Advertising, search, and computing giant Google has announced the release of a new cross-platform open-source cryptographic library aimed at protecting implementers from common cryptographic mistakes: Tink.
“In cryptography, subtle mistakes can have serious consequences, and understanding how to implement cryptography correctly requires digesting decades’ worth of academic literature. Needless to say, many developers don’t have time for that,” explains Google’s Thai Duong of the project’s inspiration.
“To help our developers ship secure cryptographic code we’ve developed Tink – a multi-language, cross-platform cryptographic library. Tink aims to provide cryptographic APIs that are secure, easy to use correctly, and hard(er) to misuse. Tink is built on top of existing libraries such as BoringSSL and Java Cryptography Architecture, but includes countermeasures to many weaknesses in these libraries, which were discovered by Project Wycheproof, another project from our team. With Tink, many common cryptographic operations such as data encryption, digital signatures, etc. can be done with only a few lines of code.”

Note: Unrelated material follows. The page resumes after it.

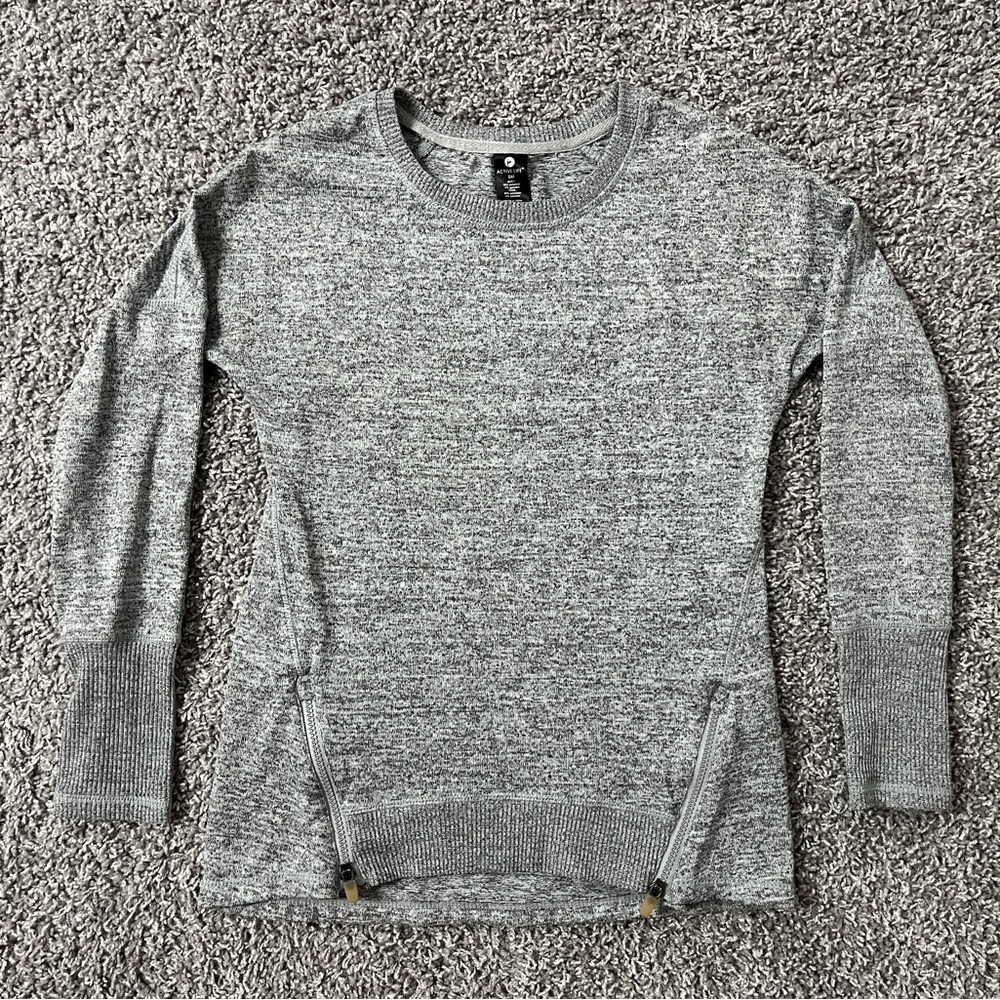 Active Life Long Sleeve with Zipper Accents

While Tink has been publicly available via Google’s GitHub repository for nearly two years, and the company has been using it internally for its own services, it wasn’t until last night’s announcement of Tink 1.2.0 that the library became truly cross-platform.
More information is available on Google’s open source blog while Tink itself can be found on the company’s GitHub repository under the Apache Licence v2.0.